Hillary Clinton is expanding on her plans to crack down on corporate inversions, the controversial scheme where companies move their legal address abroad for tax reasons. Clinton rolled out a plan Wednesday in Iowa to curb a related technique dubbed earnings stripping.
“Corporations that use tax games like these end up paying a lot less to the U.S. Treasury,” she said at town hall in Waterloo, saying her plan would raise about $80 billion in increased tax revenue over 10 years. “Fundamentally this is not only about fairness. This is about patriotism. I want to raise the cost to corporations that try to get out of paying their fair share.”
Earnings stripping includes a range of techniques companies use to limit their exposure to U.S. taxes, including moving their profits overseas to countries with lower tax rates while moving debt to the U.S.
Clinton's comments are part of the Democratic presidential front-runner's larger effort to limit inversions, including the pending merger of drug giants Pfizer and Allergan.
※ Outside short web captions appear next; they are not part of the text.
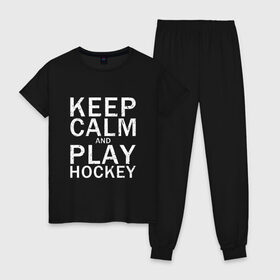 Женская пижама хлопок с принтом K.C.a. Play Hockey в Санкт-Петербурге, 100% хлопок | брюки и футболка прямого кроя, без карманов, на брюках мягкая резинка на поясе и по низу штанин | and | calm | hockey | ice | keep | play | sport | sports | и | играй | сохраняй | спокойствие | спорт | хокей | хоккей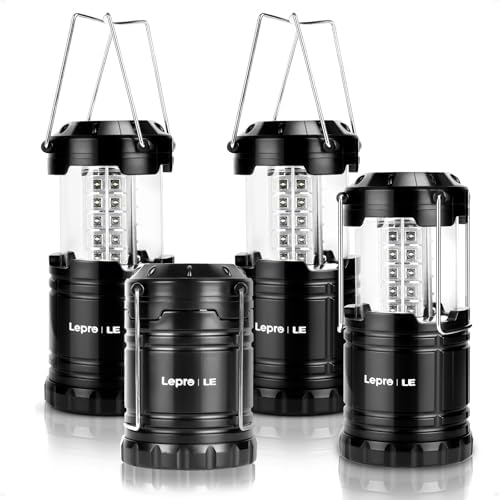 Lepro LED Camping Lanterns Battery Powered, Collapsible, IPX4 Water Resistant, Outdoor Portable Lights for Emergency, Hurricane, Storms and Outages by Lepro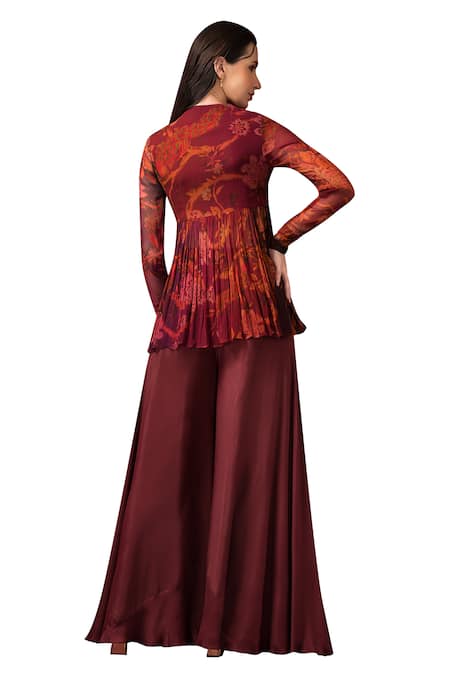 Sonia Baderia_Maroon Chiffon, Crepe, Linen Embroidery, Floral Print Peplum Top Sharara Set _at_Aza_Fashions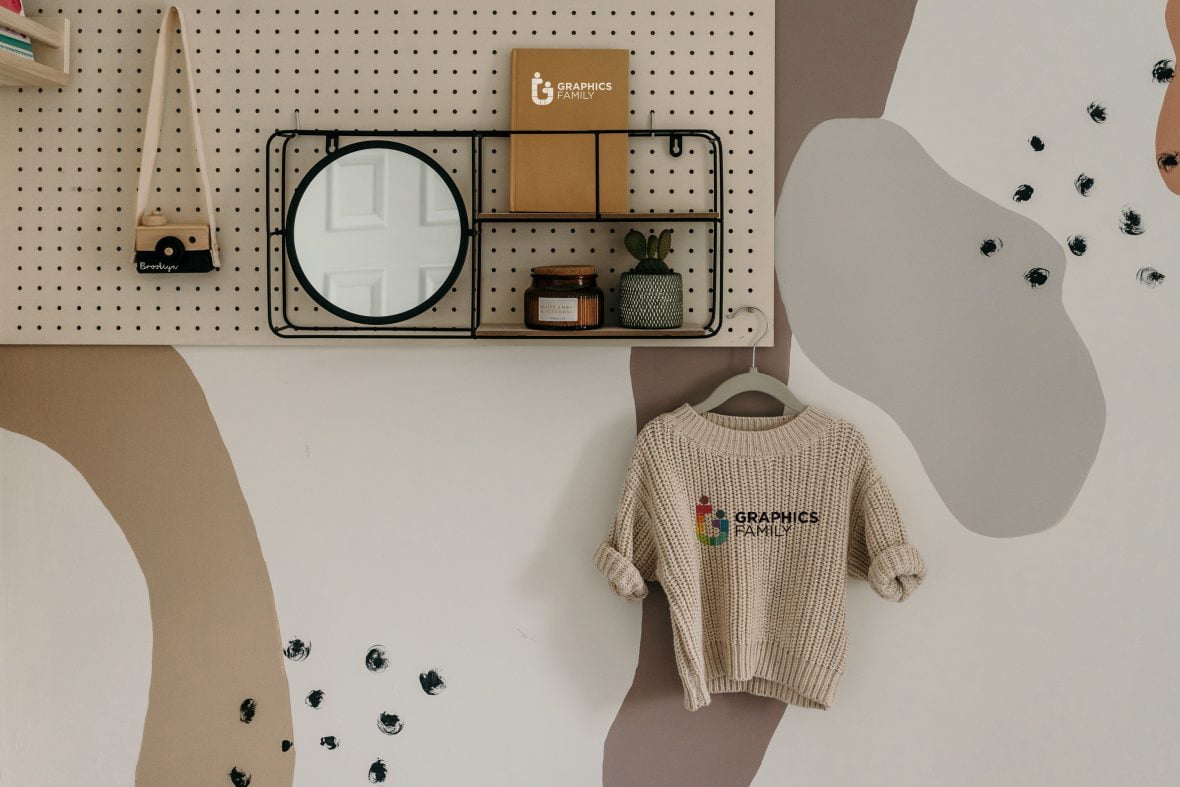 فایل موکاپ لوگوی مینیمال ژاکت و کتاب - Minimal Sweater And Book Logo Mockup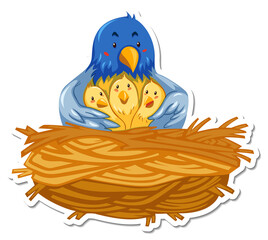 Sticker - Mother and babies bird in the nest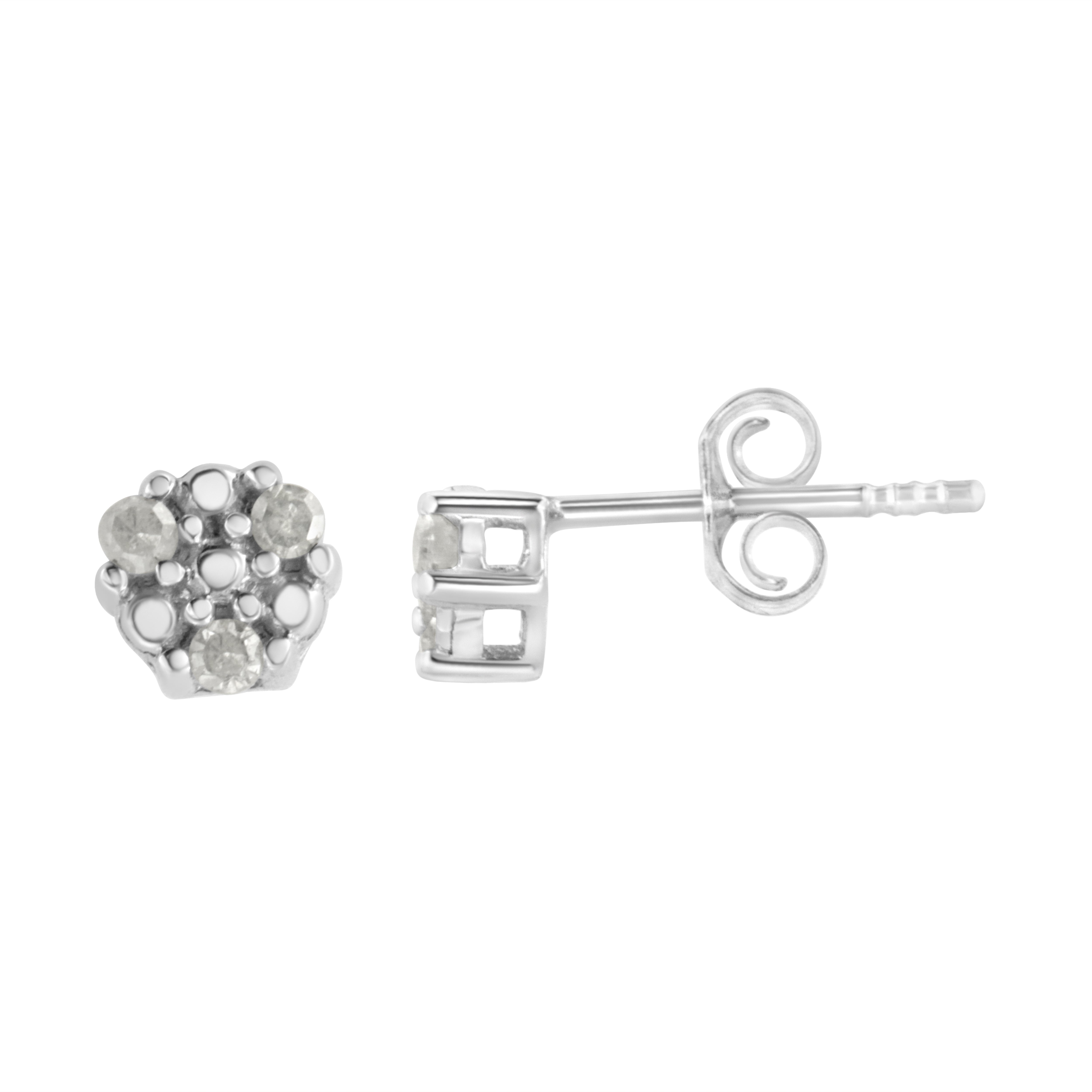 .925 Sterling Silver 1/10 cttw Prong Set Round-Cut Trio Diamond Stud Earrings I-J Color, I3 Clarity on sale at MyriadMart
The merger would move the combined company's legal home to Ireland, which has lower tax rates, even though most executives and operations would remain in the U.S.
All three Democratic presidential candidates, along with Republican Donald Trump, oppose that merger.
Clinton has vowed to crack down on inversions in general, calling on Congress to do so and proposing an “exit tax” on untaxed overseas earnings before corporations are allowed to give up their American residence. She said that if Congress refuses to act, she believes executive action can address the issue as well.